• ACTIVITY: Transcribe all the data below exactly, leaving its pictures out.

• MATERIAL FOR THIS TASK:
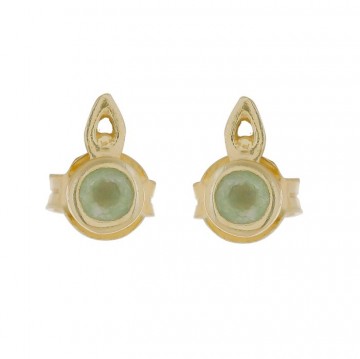 Muja Juma Earring 4 mm Nefrite Round Tale Stud Gold Plated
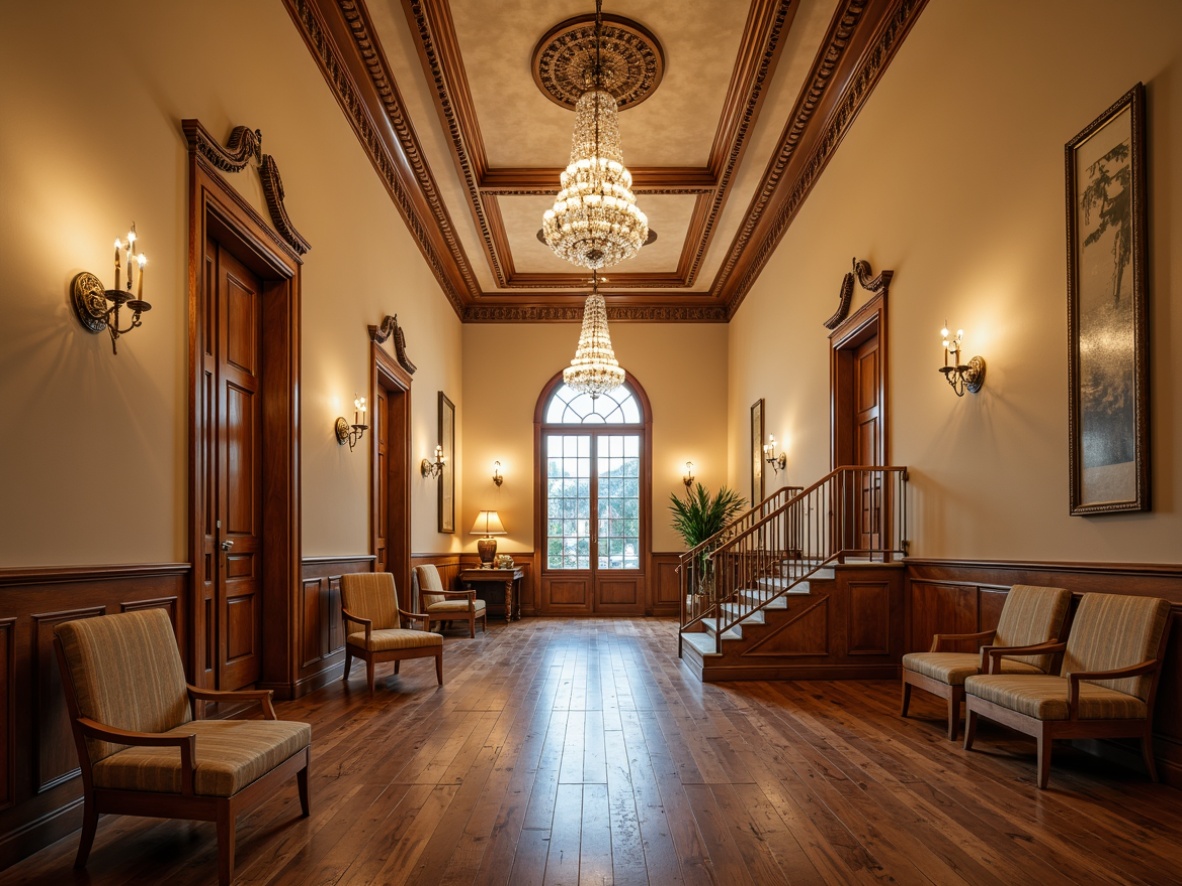 Prompt: Youth center interior, classic architectural style, warm beige walls, polished wooden floors, ornate chandeliers, crystal pendant lights, bronze sconces, decorative ceiling medallions, grand staircase, intricate moldings, luxurious fabrics, rich wood tones, soft warm lighting, ambient glow, 1/1 composition, shallow depth of field, realistic textures, subtle shadows.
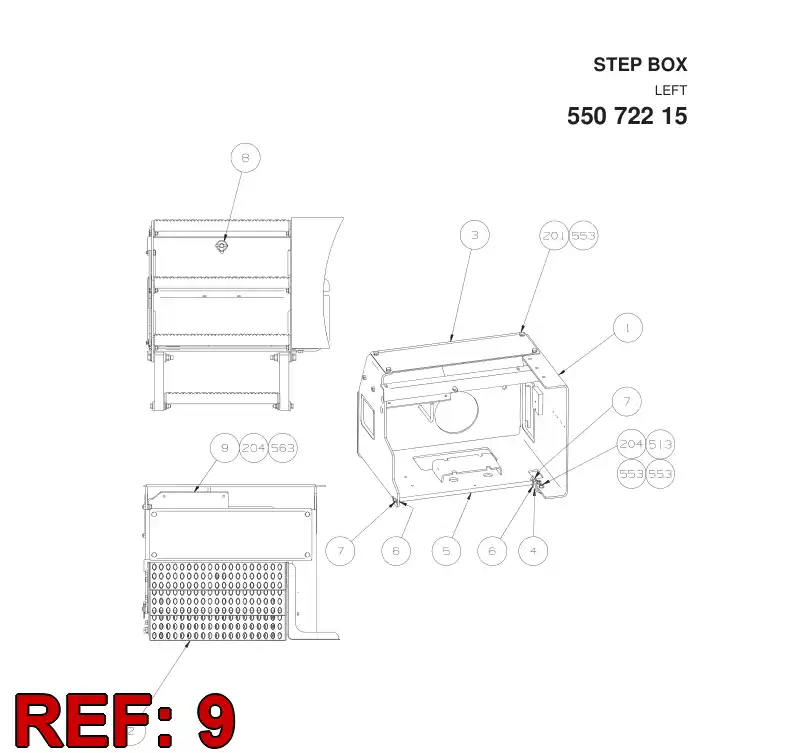 55079540 550 795 40 MOUNTING PLATE - Sandvik Technical Drawing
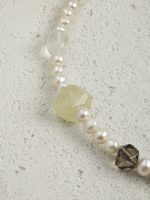 Starrybead Seven Stones Harmony Crystal Necklace - Pearl, Citrine, Clear Quartz, Smoky Quartz, Black Rutilated Quartz, Lapis Lazuli, Prehnite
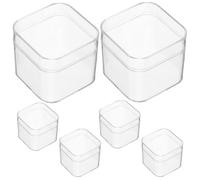 WHAMVOX 6pcs Candy Box Square Plastic Small Storage Box Lids Mini Bead Holder for Christmas Wedding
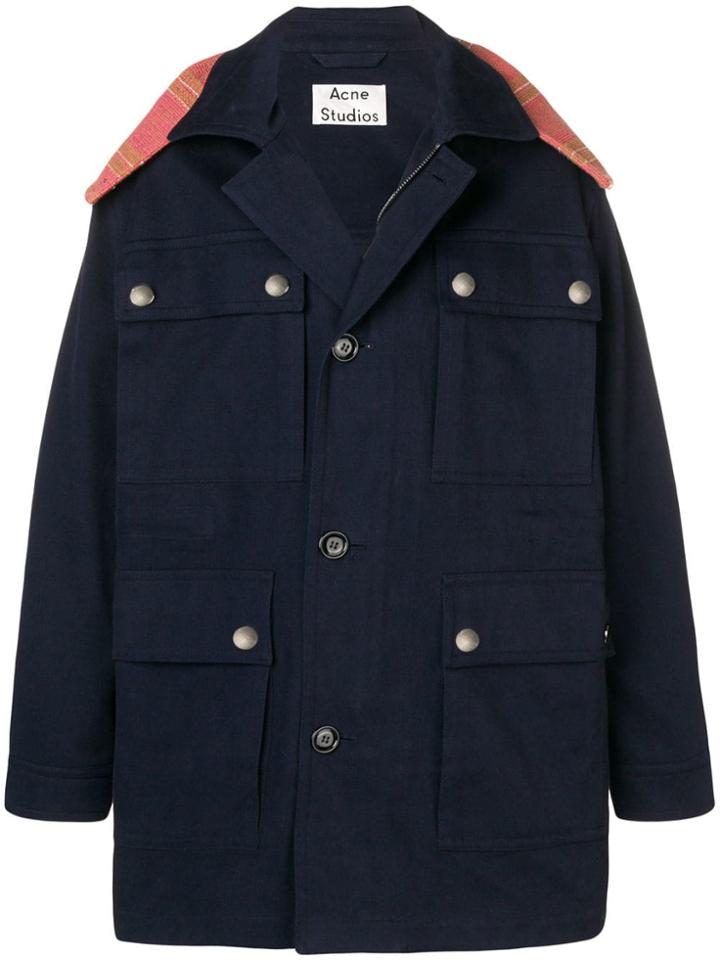 Acne Studios Contrast Panel Parka - Blue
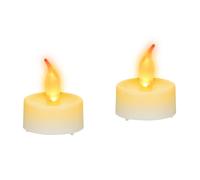 Relaxdays Velas Led con Pilas, Plástico, Blanco, 4,5 x 3,5 x 3,5 cm, 2 Unidades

• COMPLETED TASK:
 Muja Juma Earring 4 mm Nefrite Round Tale Stud Gold Plated
 Prompt: Youth center interior, classic architectural style, warm beige walls, polished wooden floors, ornate chandeliers, crystal pendant lights, bronze sconces, decorative ceiling medallions, grand staircase, intricate moldings, luxurious fabrics, rich wood tones, soft warm lighting, ambient glow, 1/1 composition, shallow depth of field, realistic textures, subtle shadows.
 55079540 550 795 40 MOUNTING PLATE - Sandvik Technical Drawing
 Starrybead Seven Stones Harmony Crystal Necklace - Pearl, Citrine, Clear Quartz, Smoky Quartz, Black Rutilated Quartz, Lapis Lazuli, Prehnite
 WHAMVOX 6pcs Candy Box Square Plastic Small Storage Box Lids Mini Bead Holder for Christmas Wedding
 Acne Studios Contrast Panel Parka - Blue
 Relaxdays Velas Led con Pilas, Plástico, Blanco, 4,5 x 3,5 x 3,5 cm, 2 Unidades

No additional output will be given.